A conclusione di questo mio discorso, ci tengo ad approfondire un aspetto in particolare della Velocità che Kern non ha toccato, trattasi per l’esattezza di un certo tipo di Velocità che sta molto a cuore agli Artigiani di Storie. Una Velocità che potremmo definire “narrativa”. Meglio ancora: parleremo di come la manipolazione della Velocità e la variazione di Velocità possano essere al servizio di una determinata narrazione con un determinato scopo. Porto alla vostra attenzione un ultimo oggetto narrativo, un film molto recente. Anno: 2021. Trattasi di THE LAST DUEL del brillante e magnifico Ridley Scott con un cast veramente stellare: Jodie Comer, Matt Damon, Adam Driver e Ben Affleck.
Prenderemo in esame una sola scena. I tre protagonisti sono:
– un Cavaliere;
– una Madamigella, moglie del Cavaliere;
– e un vecchio Amico del Cavaliere, suo compagno d’arme.
Il Cavaliere e l’Amico sono in rotta da un po’, in contrasto l’uno con l’altro. In questa scena i due però fanno pace. E, come segno di riconciliazione e ospitalità, il Cavaliere ordina alla Madamigella sua moglie di baciare sulle labbra l’Amico, usanza tipica medievale. Questa scena viene fatta vedere tre volte nell’arco del film. Ognuna da una prospettiva diversa. Ognuna dal punto di vista di uno dei tre personaggi in gioco.
Prima il Cavaliere, ai cui occhi i due si scambiano un bacio veloce, quasi pratico. Tant’è che il Cavaliere non nota nulla di strano.
Poi la stessa scena dal punto di vista dell’Amico: questa volta il bacio è durato a lungo, tanto da sembrare passionale (e dunque desiderato) da entrambe le parti.
Infine per la terza volta vediamo la stessa scena, ma dal punto di vista di lei. Questa volta il bacio è “quasi” scoordinato. Perché è durato niente, solo un tocco di labbra, per Lei, mentre Lui invece è “quasi rimasto incollato” alle di Lei labbra.

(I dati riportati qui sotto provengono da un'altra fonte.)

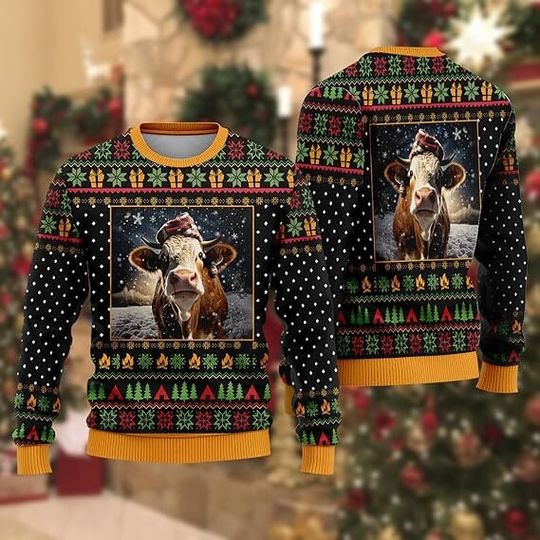 Discover Cow Lovers Ugly Christmas Sweaters - Cattle Breeds Mens Sweater
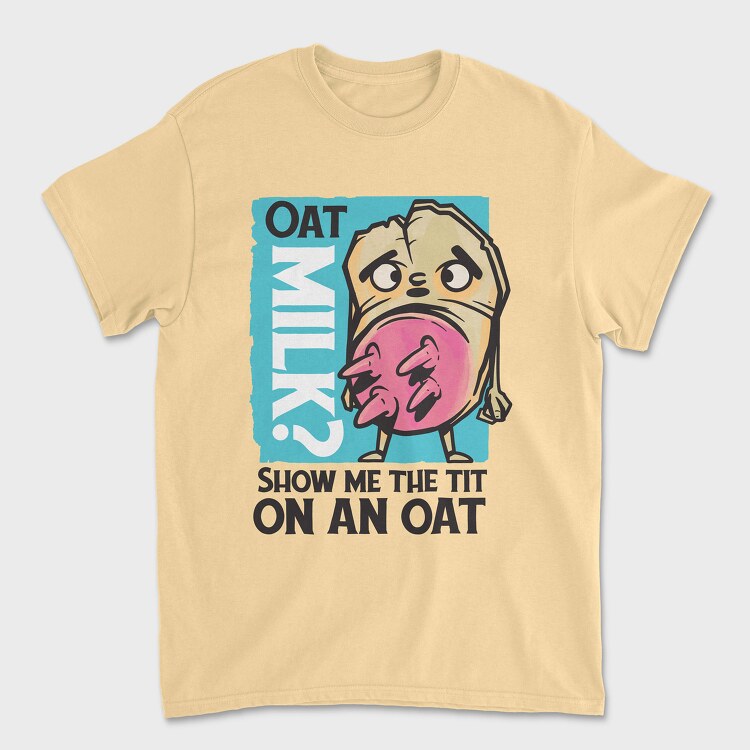 Oatmilk, Unisex Men's T-Shirt
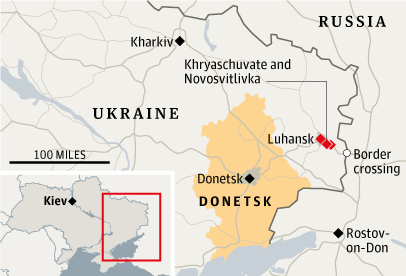 NEA AΠΟ ΟΥΚΡΑΝΙΑ-ΡΩΣΙΑ/19-8-2014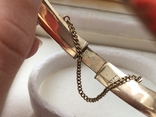 Вінтажний браслет метал з позолотою та іменним гравіюванням, фото №7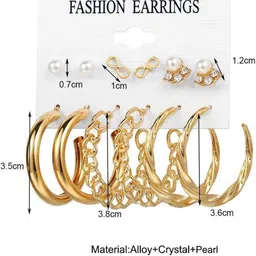 Arzonai Contemporary Studs Earrings image 2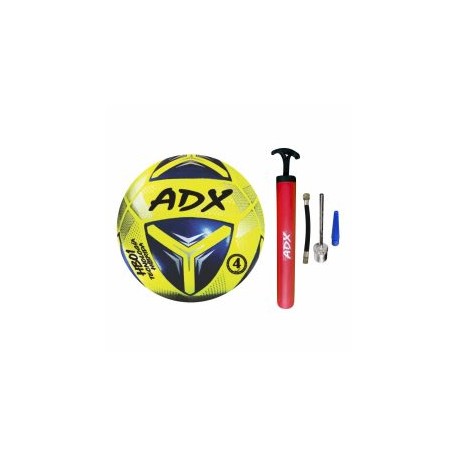 Balon De Futbol 4 Adx Premium Hibrido Pegado Y Cosido+bomba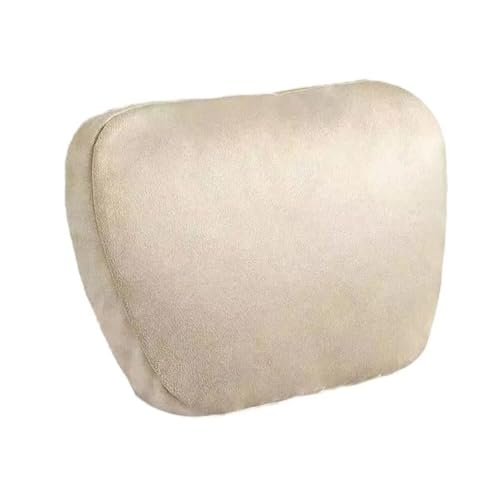 MIZZEO Pack of 2 Ergonomic Car Headrest Pillows - Adjustable Support for Comfortable Travel - Perfect for Long Drives! (Beige) - Image 2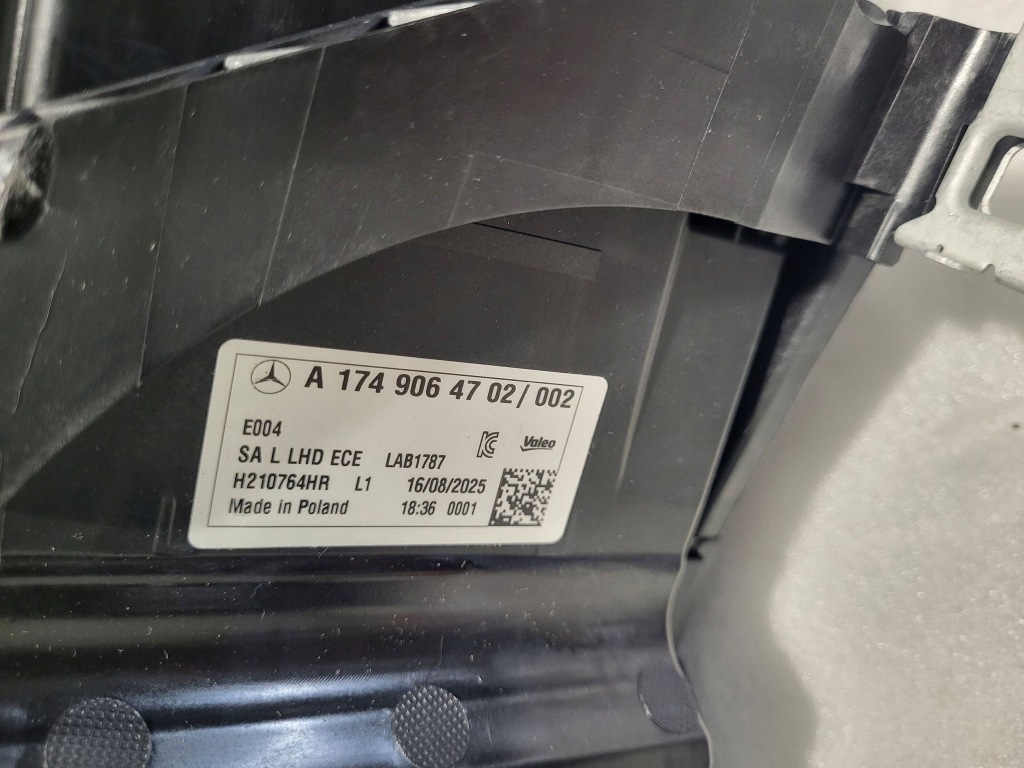 Mercedes-benz cla w174 mltibeam комплект лампа передніх a1749064802 Недорого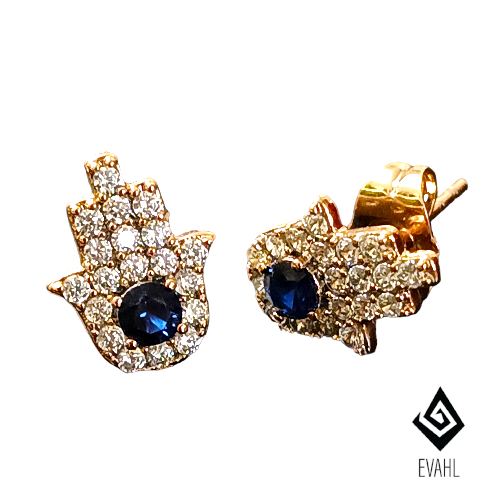 1. złote kolczyki hamsa, łapka ręka Fatimy, ręka Miriam, evahl (2).png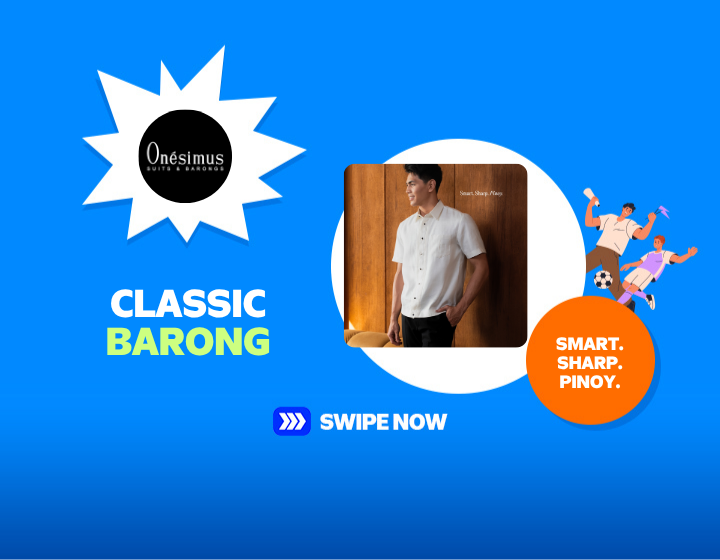 Classic White Barong on Onesimus Suits and Barongs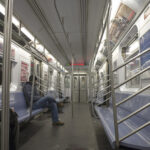 New York, NY - Number 6 train during non rush hour. Part of the Metropolitan Transit Authority.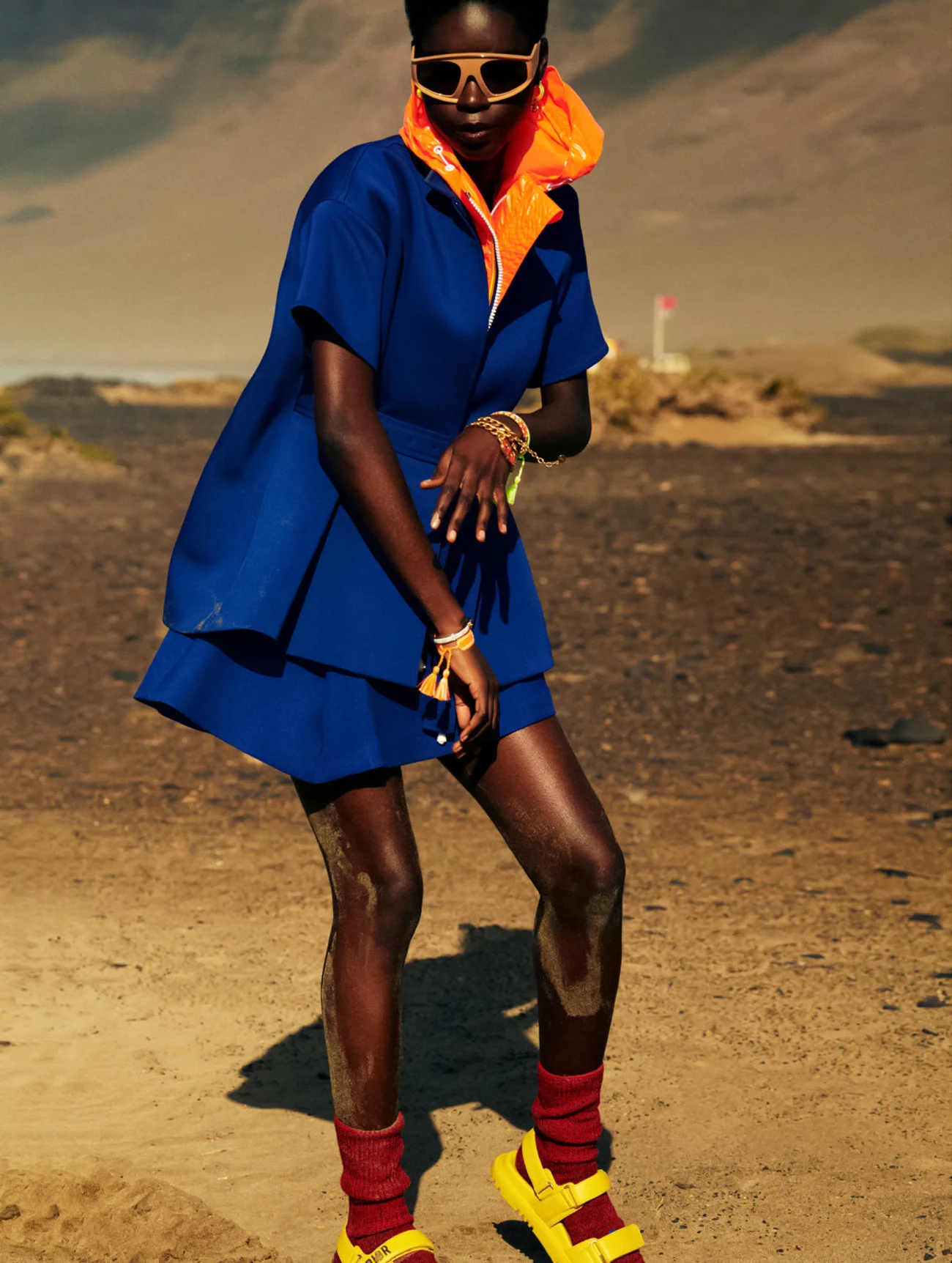 Adesina Tomiwa by Laurie Bartley for Elle France June 23rd, 2022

La stessa scena. Lo stesso bacio. Gli stessi gesti. Ma tre significati completamente diversi. A seconda della prospettiva del personaggio messo in luce dal regista. Come rendere questo cambio di prospettiva e dunque di senso? Con il solo variare della Velocità. La Velocità di quel bacio. È un’intuizione narrativa geniale dinanzi a cui piangere dall’emozione! Manipolare il ritmo, manipolare la Velocità di un solo gesto per veicolare un preciso significato. In questo caso la Velocità si fa portatrice di senso. La Velocità diventa strumento narrativo nelle mani dell’autore per significare qualcosa, per dare un significato.
Per concludere.
Siate lenti. Siate veloci. Siate come vi pare. Non esiste una regola universale, un preconcetto generale. FESTINA LENTE dicevano gli antichi Romani. Affrettati lentamente.
A volte la vostra Velocità dipende dalla singola situazione particolare, altre volte da come siete fatti voi. Nessuno può dirvi cosa sia meglio tra Velocità e Lentezza, di sicuro nemmeno noi di «Mercuzio And Friends».
Ma se non il sapere cosa sia meglio, l’essere consapevoli di questo, che forse un meglio non esiste, e che non può essere fatta una scelta giusta tra Velocità e Lentezza, beh… è già una grande conquista.